- [INFORMATION PROVIDED]
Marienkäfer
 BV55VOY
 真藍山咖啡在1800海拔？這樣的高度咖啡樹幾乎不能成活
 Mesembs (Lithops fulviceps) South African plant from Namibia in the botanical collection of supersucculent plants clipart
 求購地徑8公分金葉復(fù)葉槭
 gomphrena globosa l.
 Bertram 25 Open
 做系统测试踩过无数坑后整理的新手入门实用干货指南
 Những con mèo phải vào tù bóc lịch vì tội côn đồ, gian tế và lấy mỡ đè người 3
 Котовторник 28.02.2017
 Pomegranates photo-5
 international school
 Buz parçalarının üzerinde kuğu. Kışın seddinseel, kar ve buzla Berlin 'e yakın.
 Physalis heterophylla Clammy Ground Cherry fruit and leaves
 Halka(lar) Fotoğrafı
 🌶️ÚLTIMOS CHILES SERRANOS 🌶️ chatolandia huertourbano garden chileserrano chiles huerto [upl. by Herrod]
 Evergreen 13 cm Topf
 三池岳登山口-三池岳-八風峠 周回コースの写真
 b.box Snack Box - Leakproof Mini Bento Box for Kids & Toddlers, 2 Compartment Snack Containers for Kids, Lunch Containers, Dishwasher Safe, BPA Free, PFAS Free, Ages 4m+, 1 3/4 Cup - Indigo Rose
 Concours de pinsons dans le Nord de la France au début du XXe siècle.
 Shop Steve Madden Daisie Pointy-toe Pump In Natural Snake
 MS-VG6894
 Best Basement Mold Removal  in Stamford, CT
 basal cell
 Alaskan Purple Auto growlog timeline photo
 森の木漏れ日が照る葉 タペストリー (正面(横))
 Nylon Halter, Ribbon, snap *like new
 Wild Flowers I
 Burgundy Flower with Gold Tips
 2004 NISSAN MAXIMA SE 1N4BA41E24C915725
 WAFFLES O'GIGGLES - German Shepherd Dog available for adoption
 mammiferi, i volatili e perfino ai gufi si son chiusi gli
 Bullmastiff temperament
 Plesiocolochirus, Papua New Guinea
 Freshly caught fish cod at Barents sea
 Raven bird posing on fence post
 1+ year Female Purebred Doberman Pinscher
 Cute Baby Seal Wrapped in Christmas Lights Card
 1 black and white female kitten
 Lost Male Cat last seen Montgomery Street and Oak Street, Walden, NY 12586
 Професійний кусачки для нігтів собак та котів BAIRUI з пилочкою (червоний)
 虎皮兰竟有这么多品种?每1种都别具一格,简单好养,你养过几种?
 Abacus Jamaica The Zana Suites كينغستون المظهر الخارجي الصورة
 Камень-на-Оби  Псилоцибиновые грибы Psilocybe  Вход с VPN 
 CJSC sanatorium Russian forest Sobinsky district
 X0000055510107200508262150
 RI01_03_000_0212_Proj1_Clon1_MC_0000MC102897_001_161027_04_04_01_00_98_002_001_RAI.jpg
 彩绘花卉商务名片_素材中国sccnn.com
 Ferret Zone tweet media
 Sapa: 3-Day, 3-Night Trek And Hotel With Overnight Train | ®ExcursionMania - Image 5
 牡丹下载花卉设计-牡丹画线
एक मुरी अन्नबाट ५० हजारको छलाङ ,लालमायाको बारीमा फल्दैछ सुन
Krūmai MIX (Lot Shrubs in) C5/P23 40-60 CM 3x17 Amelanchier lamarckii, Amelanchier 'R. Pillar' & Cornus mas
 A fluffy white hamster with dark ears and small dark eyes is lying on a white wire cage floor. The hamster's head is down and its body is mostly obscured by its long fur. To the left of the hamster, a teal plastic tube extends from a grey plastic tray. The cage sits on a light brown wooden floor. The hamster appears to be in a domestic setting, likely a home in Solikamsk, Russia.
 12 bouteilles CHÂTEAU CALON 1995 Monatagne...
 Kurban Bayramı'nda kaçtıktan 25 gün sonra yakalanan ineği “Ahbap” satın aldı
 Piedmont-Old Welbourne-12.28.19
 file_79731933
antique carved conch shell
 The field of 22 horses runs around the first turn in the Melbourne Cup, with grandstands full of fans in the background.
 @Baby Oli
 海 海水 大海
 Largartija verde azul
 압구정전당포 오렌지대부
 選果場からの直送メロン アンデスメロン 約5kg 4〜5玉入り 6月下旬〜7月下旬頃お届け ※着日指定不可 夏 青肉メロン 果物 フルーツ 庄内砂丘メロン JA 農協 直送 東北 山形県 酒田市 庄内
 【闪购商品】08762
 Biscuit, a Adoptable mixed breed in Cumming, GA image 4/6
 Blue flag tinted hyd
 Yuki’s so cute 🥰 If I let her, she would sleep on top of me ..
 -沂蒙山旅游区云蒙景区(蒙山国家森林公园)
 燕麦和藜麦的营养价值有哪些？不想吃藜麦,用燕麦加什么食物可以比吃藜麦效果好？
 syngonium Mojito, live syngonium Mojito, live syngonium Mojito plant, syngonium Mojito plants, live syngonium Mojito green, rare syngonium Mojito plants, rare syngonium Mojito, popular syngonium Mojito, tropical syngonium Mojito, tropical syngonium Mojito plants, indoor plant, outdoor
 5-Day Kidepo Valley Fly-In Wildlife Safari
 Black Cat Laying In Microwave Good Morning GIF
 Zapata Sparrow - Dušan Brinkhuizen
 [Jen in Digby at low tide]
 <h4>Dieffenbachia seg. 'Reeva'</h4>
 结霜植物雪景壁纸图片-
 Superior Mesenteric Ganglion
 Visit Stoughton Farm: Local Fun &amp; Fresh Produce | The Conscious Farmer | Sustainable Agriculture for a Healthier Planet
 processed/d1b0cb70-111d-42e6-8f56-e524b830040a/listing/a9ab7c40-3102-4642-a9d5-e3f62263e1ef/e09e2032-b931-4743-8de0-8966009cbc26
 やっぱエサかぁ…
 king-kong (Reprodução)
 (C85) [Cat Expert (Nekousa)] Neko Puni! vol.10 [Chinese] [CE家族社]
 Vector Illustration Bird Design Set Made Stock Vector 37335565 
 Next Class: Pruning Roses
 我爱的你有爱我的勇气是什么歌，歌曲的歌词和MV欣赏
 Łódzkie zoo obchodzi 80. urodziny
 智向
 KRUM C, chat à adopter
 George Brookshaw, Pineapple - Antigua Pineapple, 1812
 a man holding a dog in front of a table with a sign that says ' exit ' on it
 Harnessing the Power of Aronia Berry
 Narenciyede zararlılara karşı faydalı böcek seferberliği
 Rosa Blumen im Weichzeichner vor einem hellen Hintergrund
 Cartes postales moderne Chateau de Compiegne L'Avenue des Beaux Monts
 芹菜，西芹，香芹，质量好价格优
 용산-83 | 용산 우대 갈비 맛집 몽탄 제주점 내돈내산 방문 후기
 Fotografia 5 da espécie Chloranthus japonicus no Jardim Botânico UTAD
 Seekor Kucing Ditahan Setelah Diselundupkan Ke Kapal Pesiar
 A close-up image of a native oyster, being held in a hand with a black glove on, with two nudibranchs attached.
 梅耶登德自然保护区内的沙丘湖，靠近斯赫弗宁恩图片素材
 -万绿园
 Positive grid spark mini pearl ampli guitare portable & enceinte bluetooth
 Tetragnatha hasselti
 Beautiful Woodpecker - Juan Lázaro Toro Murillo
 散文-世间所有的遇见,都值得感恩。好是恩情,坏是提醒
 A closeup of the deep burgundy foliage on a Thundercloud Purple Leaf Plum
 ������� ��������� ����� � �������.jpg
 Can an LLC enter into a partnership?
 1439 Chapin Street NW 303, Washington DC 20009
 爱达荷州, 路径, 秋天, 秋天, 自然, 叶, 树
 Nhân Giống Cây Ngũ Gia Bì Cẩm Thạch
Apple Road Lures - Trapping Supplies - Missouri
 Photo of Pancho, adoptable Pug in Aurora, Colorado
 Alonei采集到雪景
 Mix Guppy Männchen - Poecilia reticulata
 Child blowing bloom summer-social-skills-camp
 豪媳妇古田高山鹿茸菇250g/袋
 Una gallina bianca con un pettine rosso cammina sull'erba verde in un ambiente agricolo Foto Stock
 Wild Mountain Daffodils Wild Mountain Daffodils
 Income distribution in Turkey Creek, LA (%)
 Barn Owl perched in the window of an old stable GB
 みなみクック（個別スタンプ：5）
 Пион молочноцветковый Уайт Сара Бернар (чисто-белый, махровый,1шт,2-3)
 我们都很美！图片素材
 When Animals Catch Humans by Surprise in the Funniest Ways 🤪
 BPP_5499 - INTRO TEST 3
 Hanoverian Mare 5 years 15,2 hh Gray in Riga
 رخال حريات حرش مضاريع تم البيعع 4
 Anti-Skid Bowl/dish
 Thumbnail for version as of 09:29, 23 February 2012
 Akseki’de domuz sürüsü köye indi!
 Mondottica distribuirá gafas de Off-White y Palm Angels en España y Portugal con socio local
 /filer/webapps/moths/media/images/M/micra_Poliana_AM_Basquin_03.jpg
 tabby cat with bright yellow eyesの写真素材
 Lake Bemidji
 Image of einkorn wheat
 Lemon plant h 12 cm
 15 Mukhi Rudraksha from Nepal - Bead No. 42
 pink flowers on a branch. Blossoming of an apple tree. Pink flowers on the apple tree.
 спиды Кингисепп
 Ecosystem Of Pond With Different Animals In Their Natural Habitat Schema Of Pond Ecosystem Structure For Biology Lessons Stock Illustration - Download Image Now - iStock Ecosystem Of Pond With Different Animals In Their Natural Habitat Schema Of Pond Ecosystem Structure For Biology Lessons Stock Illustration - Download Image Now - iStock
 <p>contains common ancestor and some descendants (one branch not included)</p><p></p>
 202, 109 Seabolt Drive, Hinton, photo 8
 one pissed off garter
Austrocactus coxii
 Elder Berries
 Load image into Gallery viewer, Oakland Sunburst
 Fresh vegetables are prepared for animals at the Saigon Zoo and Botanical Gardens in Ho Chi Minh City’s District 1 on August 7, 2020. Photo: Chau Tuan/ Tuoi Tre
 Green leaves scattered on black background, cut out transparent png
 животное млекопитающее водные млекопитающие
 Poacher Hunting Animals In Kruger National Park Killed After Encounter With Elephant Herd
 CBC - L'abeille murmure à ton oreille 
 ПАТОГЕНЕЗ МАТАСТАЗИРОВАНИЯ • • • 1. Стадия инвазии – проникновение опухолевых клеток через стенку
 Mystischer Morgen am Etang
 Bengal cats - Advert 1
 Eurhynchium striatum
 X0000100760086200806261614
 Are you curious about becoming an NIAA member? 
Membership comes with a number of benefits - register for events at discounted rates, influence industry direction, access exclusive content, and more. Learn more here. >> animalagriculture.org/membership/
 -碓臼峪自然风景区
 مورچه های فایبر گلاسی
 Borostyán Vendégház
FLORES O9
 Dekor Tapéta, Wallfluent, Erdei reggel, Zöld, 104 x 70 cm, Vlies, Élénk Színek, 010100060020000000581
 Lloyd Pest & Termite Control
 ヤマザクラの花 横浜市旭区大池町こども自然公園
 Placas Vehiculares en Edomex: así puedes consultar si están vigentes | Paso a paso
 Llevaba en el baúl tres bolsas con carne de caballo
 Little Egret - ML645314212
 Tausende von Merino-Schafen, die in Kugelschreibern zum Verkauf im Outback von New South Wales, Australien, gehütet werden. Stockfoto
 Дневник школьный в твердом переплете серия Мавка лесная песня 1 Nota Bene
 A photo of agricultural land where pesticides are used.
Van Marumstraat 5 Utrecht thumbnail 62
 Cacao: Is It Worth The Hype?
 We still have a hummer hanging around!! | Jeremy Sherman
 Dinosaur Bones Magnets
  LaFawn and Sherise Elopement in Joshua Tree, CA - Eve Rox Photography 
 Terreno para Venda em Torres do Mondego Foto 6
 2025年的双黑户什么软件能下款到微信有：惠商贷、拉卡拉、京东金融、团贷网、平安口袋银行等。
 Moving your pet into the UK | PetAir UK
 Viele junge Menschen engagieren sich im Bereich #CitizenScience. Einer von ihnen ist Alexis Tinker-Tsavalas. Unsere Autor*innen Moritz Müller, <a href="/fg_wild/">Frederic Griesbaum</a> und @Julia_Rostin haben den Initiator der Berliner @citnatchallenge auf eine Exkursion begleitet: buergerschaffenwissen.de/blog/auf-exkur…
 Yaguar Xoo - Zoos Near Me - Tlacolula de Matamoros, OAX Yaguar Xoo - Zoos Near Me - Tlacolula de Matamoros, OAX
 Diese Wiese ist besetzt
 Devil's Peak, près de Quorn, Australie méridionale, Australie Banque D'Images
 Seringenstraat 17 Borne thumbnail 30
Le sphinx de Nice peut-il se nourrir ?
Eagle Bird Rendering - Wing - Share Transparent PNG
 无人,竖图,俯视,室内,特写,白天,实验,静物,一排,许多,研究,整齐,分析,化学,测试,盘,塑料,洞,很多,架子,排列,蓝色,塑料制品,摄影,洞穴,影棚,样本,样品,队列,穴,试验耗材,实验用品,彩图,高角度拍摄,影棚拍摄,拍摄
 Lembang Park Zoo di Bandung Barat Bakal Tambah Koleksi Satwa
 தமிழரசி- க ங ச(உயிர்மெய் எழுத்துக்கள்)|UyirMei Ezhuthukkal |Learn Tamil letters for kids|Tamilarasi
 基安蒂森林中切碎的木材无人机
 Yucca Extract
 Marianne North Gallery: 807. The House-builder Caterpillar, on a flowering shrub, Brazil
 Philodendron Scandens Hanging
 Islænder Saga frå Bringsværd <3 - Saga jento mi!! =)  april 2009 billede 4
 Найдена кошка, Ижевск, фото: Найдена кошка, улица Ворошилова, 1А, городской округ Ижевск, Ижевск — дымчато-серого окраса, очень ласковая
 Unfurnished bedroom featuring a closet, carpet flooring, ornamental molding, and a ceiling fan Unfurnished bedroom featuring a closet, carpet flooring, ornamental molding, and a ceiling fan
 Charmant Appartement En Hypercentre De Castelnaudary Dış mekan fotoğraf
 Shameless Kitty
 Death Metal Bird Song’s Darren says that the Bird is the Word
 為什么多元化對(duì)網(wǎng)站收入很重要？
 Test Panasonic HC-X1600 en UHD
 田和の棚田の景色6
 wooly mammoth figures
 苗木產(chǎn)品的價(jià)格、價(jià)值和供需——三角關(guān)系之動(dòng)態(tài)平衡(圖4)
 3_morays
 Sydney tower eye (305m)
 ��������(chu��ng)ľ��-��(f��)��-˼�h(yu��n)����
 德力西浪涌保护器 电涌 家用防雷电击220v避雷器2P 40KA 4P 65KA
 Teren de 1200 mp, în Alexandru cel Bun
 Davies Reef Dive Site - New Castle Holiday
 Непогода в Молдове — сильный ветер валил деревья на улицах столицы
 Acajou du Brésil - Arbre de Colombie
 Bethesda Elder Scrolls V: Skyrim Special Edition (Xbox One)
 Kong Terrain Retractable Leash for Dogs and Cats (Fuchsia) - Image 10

- [WHAT YOU WILL DO] Only a number is wanted here: the count of lines in the listing above holding the string "plants".

- [EXPECTED ANSWER] 2